Partnering with FSA
Foundation will assist you step by step during our investment in your ASC.
The investment process begins with a Confidentiality or Non-Disclosure Agreement so that we can exchange information about our businesses. The Confidentiality Agreement is followed by:
Preliminary Due Diligence
Preliminary due diligence consists of sharing high level and some detailed information on the performance of the ASC. It generally consists of examining financial statements, case volumes, and debt associated with the facility. It may also include a review of the existing Operating Agreement and an understanding of the facility partnership dynamics, as well as other information necessary for FSA to make an offer to invest in the ASC.
Letter of Intent (LOI) or Term Sheet
Upon review of the preliminary due diligence, a Letter of Intent or Term Sheet will be sent if FSA decides to make an offer to invest in the ASC. This document will outline the terms and timeline under which FSA will invest in the facility. The LOI will contemplate items such as investment level (price), based on a valuation, ownership percentage, and other material terms of the transaction. This document is negotiable and will provide for agreement on the material terms which will be the basis of a future Purchase Agreement.

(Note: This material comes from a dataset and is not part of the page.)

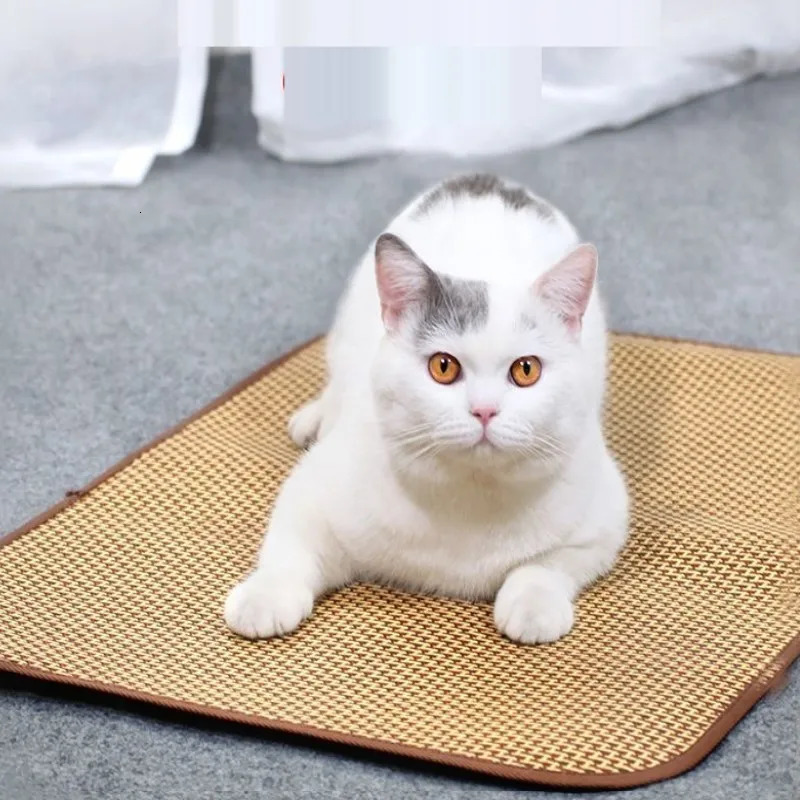 Dog cooler pad summer pet bed super large and small 250312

NOTE: if an external valuation of the facility is required FSA will obtain a valuation from a national company experienced in valuing ASCs, and will do so at our sole cost and expense.
Exclusivity Period
Once agreement is reached on the terms of the Letter of Intent and upon execution, we will enter an exclusivity period. This is a finite and agreed to period of time, usually about 90 days, during which the parties will work together exclusively to formalize the partnership.
Due Diligence
During the Exclusivity Period FSA will initiate a deliberate and thorough process to better understand and analyze the details of the ASC, the business and the partnership.
Transaction Documents
FSA will prepare, or cause to be prepared, at our expense all documents related to FSA's investment in the ASC.These documents may include: Purchase Agreement, Assignments, any necessary Amendments or Revisions to the Operating/Partnership agreement, and typically a new management agreement. FSA will prepare these documents for review by your legal and financial advisors.
Closing
FSA will be thorough in the Due Diligence and Document Preparation processes, and is committed to moving as quickly as possible so as not to delay closing.